The Westpac McDermott Miller consumer confidence index rose 4.7 points to 110.7 in the December quarter. This follows sharp declines earlier in the year, and returns the index to around average levels.
“What stands out is that households’ appetite to spend has increased, and low interest rates are clearly playing a role,” said Westpac senior economist, Satish Ranchhod. “Combined with an improved outlook for the coming year and low inflation, low borrowing costs are making it very attractive for consumers to purchase big ticket items like home furnishings. This signals a bumper Christmas season for many retailers.”
However, Ranchhod did sound a note of caution. “Households will need to be careful that Christmas cheer doesn’t result in a nasty hangover in the New Year. Low interest rates mean that many households are currently less concerned about paying down debt. But growth is set to slow over the coming year and unemployment is likely to increase. It’ll be important for households to ensure that they keep debt and borrowing levels manageable.”
Gains in confidence were widespread in December, with households across the economy feeling more optimistic. There was a particularly sharp increase in confidence in rural regions, a result that was likely contributed to by the increases in some commodity prices in recent months.
“Among the major urban centres, Auckland remains the most optimistic, and there has been a solid lift in sentiment in Wellington. However, confidence in Canterbury has softened, with households there noting concern around the economic situation. That’s not surprising given the advanced state of rebuild spending. The rebuild has been a big driver of growth over the past few years. While reconstruction spending will remain strong for some time, we have seen activity levelling off,” said Ranchhod.
“There was a rebound in the confidence of NZ consumers in December, revealed by a 4.7 point increase in the Westpac McDermott Miller NZ consumer confidence index (CCI) to 110.7 in December 2015,” announced John McDougall, director of forecasting at strategy and economics consultancy, McDermott Miller. “While the December result is still 4.2 points below the level prevailing last Christmas, it marks the largest quarterly increase since December 2013.

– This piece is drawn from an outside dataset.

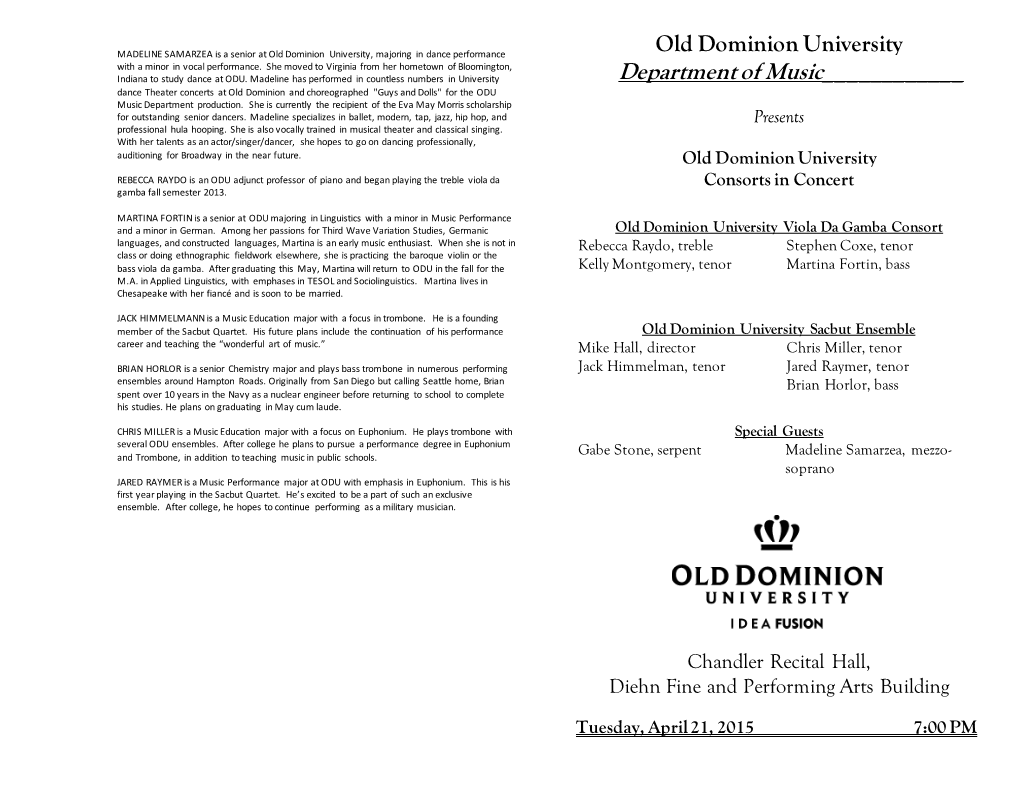 Old Dominion University Consorts in Concert: Old Dominion University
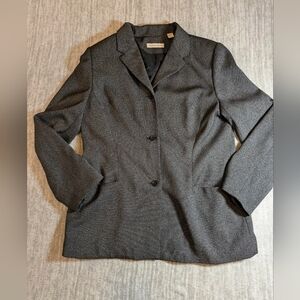 AMANDA SMITH Gray Satin Tweed Women's Blazer Suit Jacket Size 12 Vtg Pockets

“The lift in consumer confidence was largely driven by a return to positive sentiment about the short-term prospects for the NZ economy, with a net 7.7 per cent now expecting good times over the coming year, a sharp contrast with the net 15 per cent expecting bad times in September.”
Among those consumers expecting good economic times over the next year, the most commonly cited reason for their view was a belief in “effective government economic policy”; only 10 per cent credited “better export prospects”. Among those expecting bad economic times, the most common reason is “wrong government economic policies” at 40 per cent followed by “low dairy prices” at 21 per cent.
Consumers in rural areas (index 109.1) are slightly less confident than those in metropolitan centres (112.6), and are less positive about NZ’s short term prospects (net two percent expecting good economic times over the next year versus net 12 per cent). As could be expected, “low dairy prices” are more frequently cited as reason for negative sentiment about NZ’s short term economic prospects by consumers in rural (26 per cent) than in metropolitan centres (18 per cent).
“Confidence amongst consumers employed the public sector remains, at 115.2, below that of consumers employed in the private sector (117.2), but the jump from September in the former group was considerably greater (14.3 points) than the latter (9.0 points), narrowing the spread between the two groups to only two points,” said McDougall.
“A net 15 per cent of consumers in the public sector expect good economic times over the next year (compared with a net 28 per cent in September expecting bad times), greater than the net 12 per cent of consumers in the private sector expecting good times. Consumers employed in the public sector with positive views on NZ’s short term economic prospects are more likely to credit ‘effective government policies’ for their positive outlook (32 per cent) than are private sector consumers (27 per cent).
“The return to strongly optimistic levels of consumer confidence bodes well for strong retail sales in the remaining Christmas period and for leisure and holiday spending over the coming weeks. The increase in the net percentage of consumers thinking now is a good time to buy major household items (from 20 per cent in September to 26 per cent in December) is further comfort for retailers.”
The survey was conducted over December 1 to 11, with a sample size of 1565. An index number over 100 indicates that optimists outnumber pessimists. The margin of error of the survey is 2.5 per cent.
The week before Christmas has the most transaction volumes, especially Christmas Eve. Paymark figures have recorded the second year-on-year spending increase in the lead-up to the Christmas period.
Last December, spending in the first 22 days of the month was 4.6 per cent up on the same period in 2013. The expectation is that Kiwis are spending more this year than last year.